O crime contra o patrimônio só existe porque tem receptador. Se você não tiver comprador de ouro para revender para lojas, você não tem roubo de joias. Se não tiver ferro-velho que compre peças roubadas, o cara vai fazer o quê com o carro?
O papel das polícias está em debate. Especialistas defendem desde o ciclo completo, com a Civil e a Militar realizando atividade ostensiva e judiciária, até a unificação das polícias. Qual a opinião do senhor?
Polícia é uma temeridade. Hoje, uma fiscaliza a outra. Além disso, se você não controla 20 mil policiais, vai controlar 40 mil? Ciclo completo? Não sei. O problema não é a polícia. O problema é o Estado. Você não pode ter uma polícia não corrupta num Estado corrupto, com estruturas corruptas.
Há duas semanas, um jovem foi executado com três tiros na cabeça, na Baixada Fluminense, no meio da rua e durante o dia, e um adolescente infrator foi torturado, despido e preso num poste. Estamos indo em direção à barbárie?
Houve a morte de uma PM na UPP da Vila da Penha. Em função disso, a PM matou seis caras no Morro do Juramento. Dizem que eram traficantes. Eles tinham de ser presos, com cana dura. Mas foram executados. A gente permite que o Estado faça isso. A algumas pessoas até aplaudem, mas isso tem repercussão.
O senhor assumiu a chefia de Polícia no governo Marcello Alencar (PSDB). O secretário era o general Nilton Cerqueira, defensor dos governos militares e homem responsável pela captura e morte do guerrilheiro Carlos Lamarca. Como foi para um esquerdista trabalhar com um general linha-dura?
O general Cerqueira queria um delegado para a chefia que não levasse grana. Ele não queria um policial competente. Nada disso. Eu estudei em colégio militar e havia um assessor do general Cerqueira que me conhecia. E ele sabia que eu não levava grana. Na época, eu também me surpreendi com o convite. Mas a proposta foi de trabalhar sem interferência do governador.
Parece contraditório. O senhor defende política de Estado...
Foi um momento interessante. Ninguém de fora precisava dizer que a polícia era corrupta. Eu, que era o chefe, disse. Eu trabalhei com a banda podre porque eles entenderam que precisavam trabalhar. O general não interferia. A questão divergente era ideológica. Mas isso a gente não conversava.
O senhor foi eleito deputado estadual pelo PT. Por que se afastou da vida pública?

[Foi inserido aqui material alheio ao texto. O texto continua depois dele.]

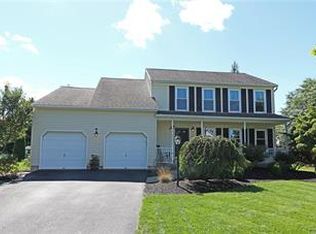 4663 Smith Dr, Bethlehem, PA 18017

A minha passagem pela Assembleia talvez seja uma experiência pior do que na polícia. A polícia age na sombra. Você vê o mundo de cabeça para baixo. No parlamento, eu vi tudo de cabeça para baixo, mas num mundo de cabeça para cima. O filme Tropa de Elite 2 fala um pouco da Assembleia, mas aquilo é a parte boa. Eles não mergulharam na corrupção. É um poder que reflete a sociedade brasileira. Parlamento é coisa de Casa Grande. Mas nós ficamos na senzala. Quando o cara vende o voto, é porque aquilo é o que ele pode tirar de melhor daquele voto.

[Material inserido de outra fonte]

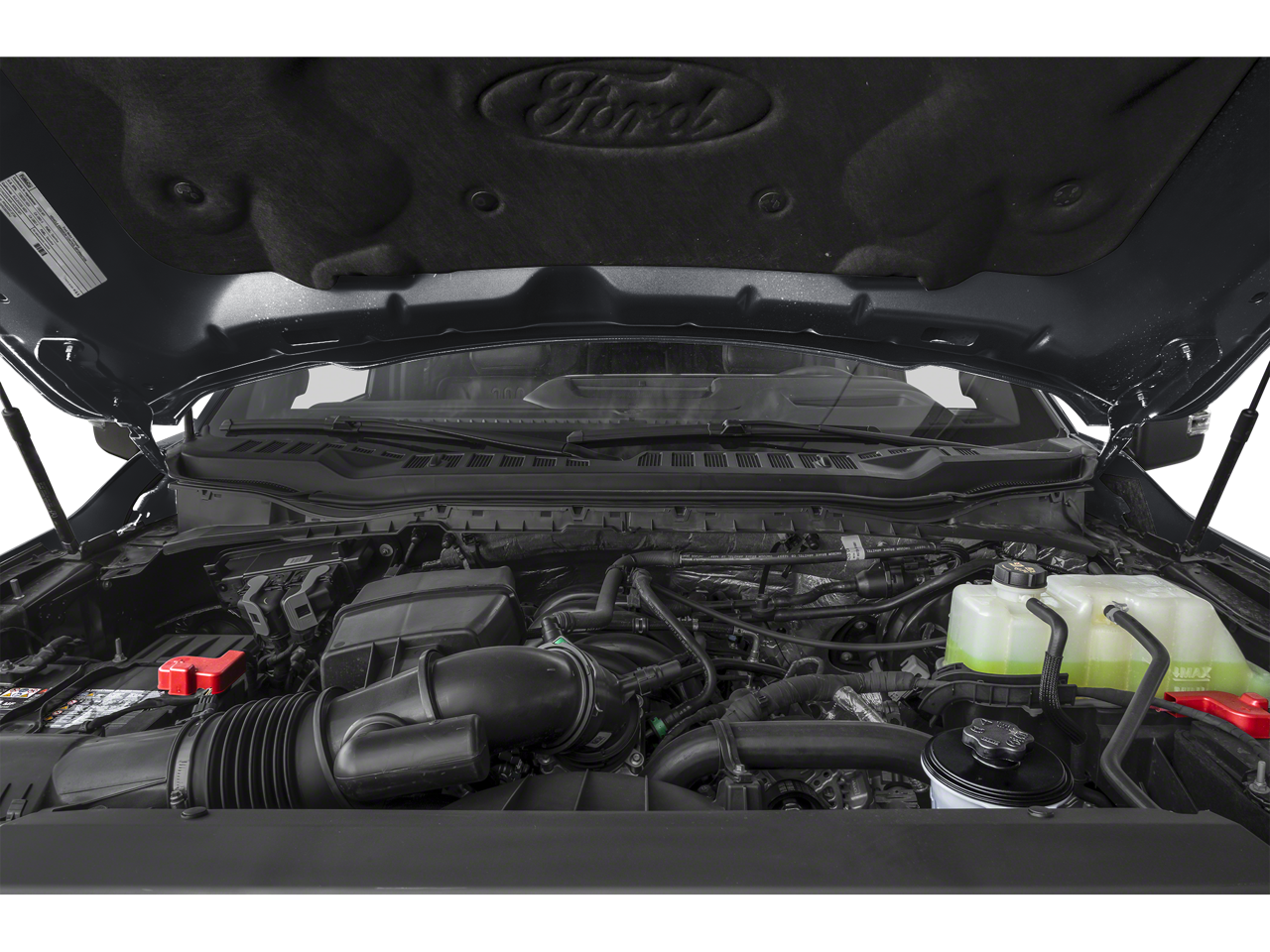 2026 Ford Super Duty F350 4X4CREW/CS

A “banda podre” o assediou?
Nunca. Esse negócio de que o policial é ameaçado e por isso tem que receber dinheiro também não existe. É balela. Como eu não recebia, sobrava mais para eles. É um raciocínio muito simples: “você não gosta de dinheiro, problema é seu”.
O senhor é pessimista ou otimista em relação ao futuro o país?
Otimista. Esse país é incrível. Hoje todo mundo toma conhecimento da informação, que é divulgada pela imprensa. Aquilo é um fuzil. A República brasileira está nascendo. Isso leva tempo.
XERIFE DA ESQUERDA
A saída da chefia da Polícia, após dois anos, ocorreu durante uma manifestação por melhores salários. Orientados por Hélio, policiais colocaram braçadeiras pretas, em sinal de luto. Tudo corria sem percalços até uma comissão ir ao gabinete da chefia:
– Perguntaram se iria acompanhá-los. Fiquei em silêncio. Um deles, então, pediu-me que experimentasse a braçadeira. Ao colocar, fui fotografado pelo JB, que publicou com um título tipo: “Chefe de Polícia entra em greve”. Fui demitido, lógico.
DA DELEGACIA PARA A ASSEMBLEIA
Eleito com cerca de 25 mil votos, foi o terceiro em uma bancada com sete deputados. Deixou o PT quando Benedita da Silva, vice-governadora, assumiu o governo do Estado porque o governador Anthony Garotinho afastou-se para sua mulher, Rosinha, se candidatar. Na época, ele justificou em carta ao partido:
– O partido mudou muito e está desfigurado. Era um partido socialista, distante do poder. Hoje, virou um partido social-democrata e demasiadamente flexível.